I am nothing like Denny. I hate weaving in ends. I accept that it's part of knitting, and I don't hate weaving in ends enough to let it shape my choices - not like knitters who hate seaming enough to let it put them off a sweater knit flat, but I have it in the same category for fun as peeling potatoes or washing the coffee filter. Something you have to do if you want to do something else. Like have coffee, or potatoes, or a sweater.

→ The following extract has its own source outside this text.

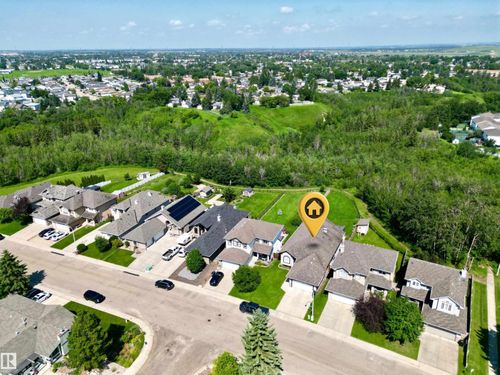 57 Homestead Cres Nw, Edmonton, AB, T5A2Y1 | Card Image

Last night I was sitting there on the couch, tidying up a wee sweater that sort of materialized around here over the weekend. My mum, who really isn't the sort of mother who gives you choices when she wants you to do something, told me that I was going to be making a sweater for a baby who's special to her. Her friends hadn't known what flavour baby was arriving, so they got a lot of yellow and green and white, and Mum's only request was that the sweater not be baby colours like that. This means that I was given carte blanche. I could do anything I wanted, and I took full advantage of this to have a little fun. I decided what I would do, that it would take two colours, and I called up The Purple Purl and told Jennifer that I needed two colours for a baby boy and she could do whatever she wanted, and that someone would be by later to get it. She chose, Joe transported it home, and that night I started a sweet little sweater, and remember, I could do anything I wanted. What I wanted to do surprised me, and got me thinking. What did I do for that sweater?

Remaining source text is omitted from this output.